WHAT TO WORK ON: Copy each line below as written, but skip the pictures.

INFORMATION PROVIDED:

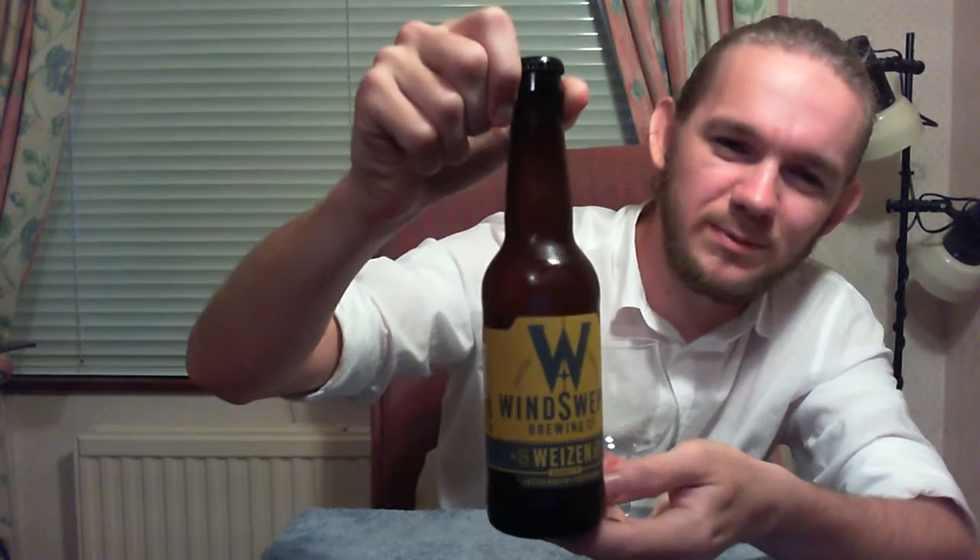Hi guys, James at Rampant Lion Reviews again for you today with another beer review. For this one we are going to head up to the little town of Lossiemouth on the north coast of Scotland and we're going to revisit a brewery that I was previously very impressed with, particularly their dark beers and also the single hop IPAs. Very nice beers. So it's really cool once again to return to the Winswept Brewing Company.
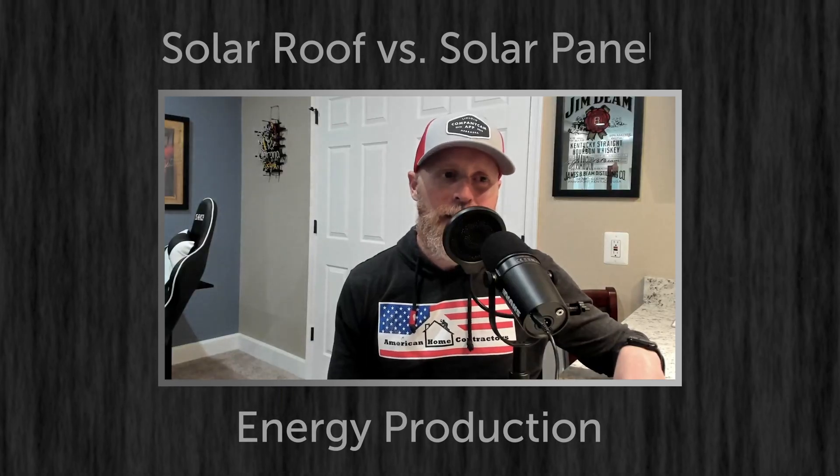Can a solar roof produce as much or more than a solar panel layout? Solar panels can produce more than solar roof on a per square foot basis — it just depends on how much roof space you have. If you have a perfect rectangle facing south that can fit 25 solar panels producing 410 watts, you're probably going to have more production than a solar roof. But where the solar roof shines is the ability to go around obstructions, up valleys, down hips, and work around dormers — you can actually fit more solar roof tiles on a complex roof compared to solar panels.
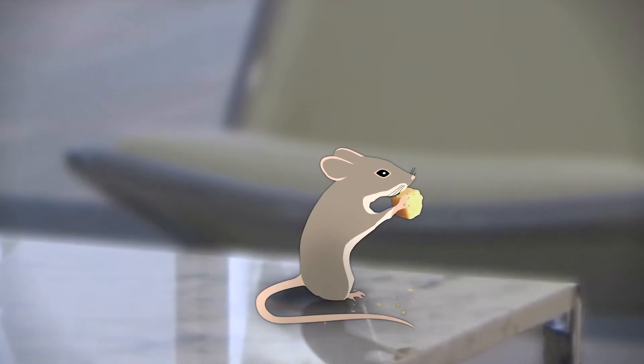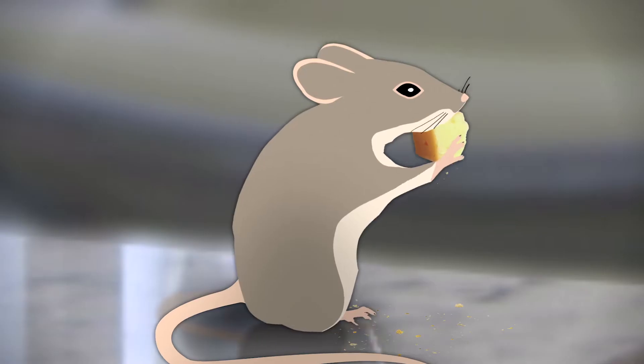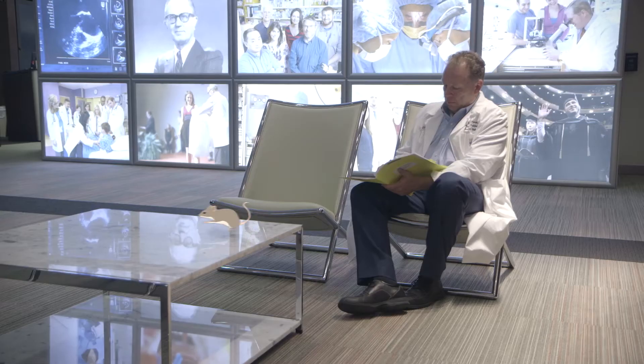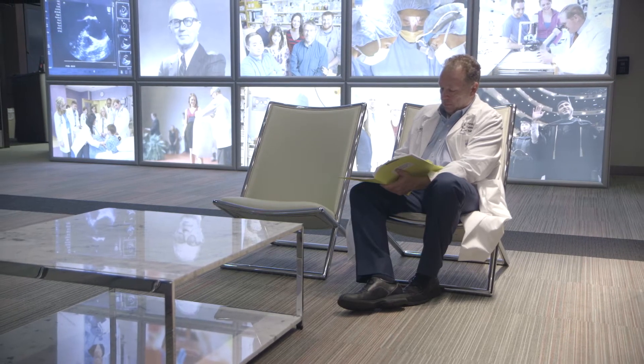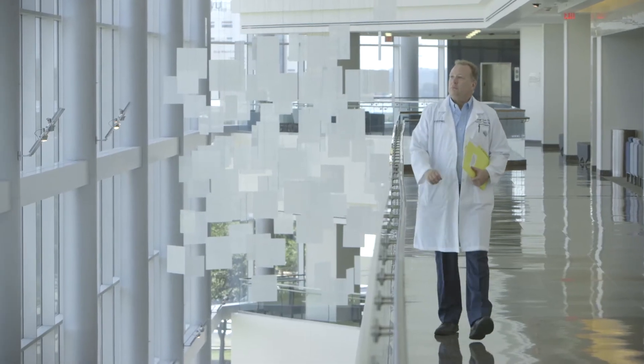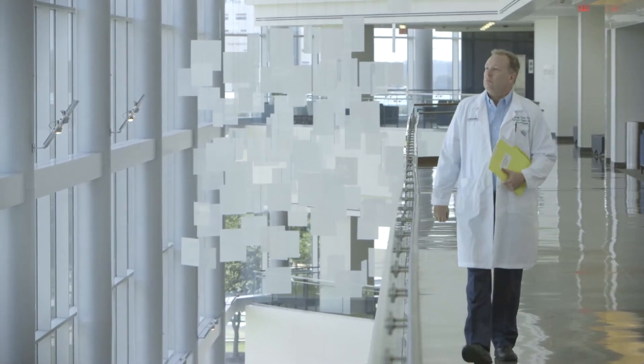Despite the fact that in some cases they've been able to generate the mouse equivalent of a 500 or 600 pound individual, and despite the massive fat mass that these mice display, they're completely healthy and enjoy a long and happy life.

RESPONSE AREA:
Hi guys, James at Rampant Lion Reviews again for you today with another beer review. For this one we are going to head up to the little town of Lossiemouth on the north coast of Scotland and we're going to revisit a brewery that I was previously very impressed with, particularly their dark beers and also the single hop IPAs. Very nice beers. So it's really cool once again to return to the Winswept Brewing Company.
Can a solar roof produce as much or more than a solar panel layout? Solar panels can produce more than solar roof on a per square foot basis — it just depends on how much roof space you have. If you have a perfect rectangle facing south that can fit 25 solar panels producing 410 watts, you're probably going to have more production than a solar roof. But where the solar roof shines is the ability to go around obstructions, up valleys, down hips, and work around dormers — you can actually fit more solar roof tiles on a complex roof compared to solar panels.
Despite the fact that in some cases they've been able to generate the mouse equivalent of a 500 or 600 pound individual, and despite the massive fat mass that these mice display, they're completely healthy and enjoy a long and happy life.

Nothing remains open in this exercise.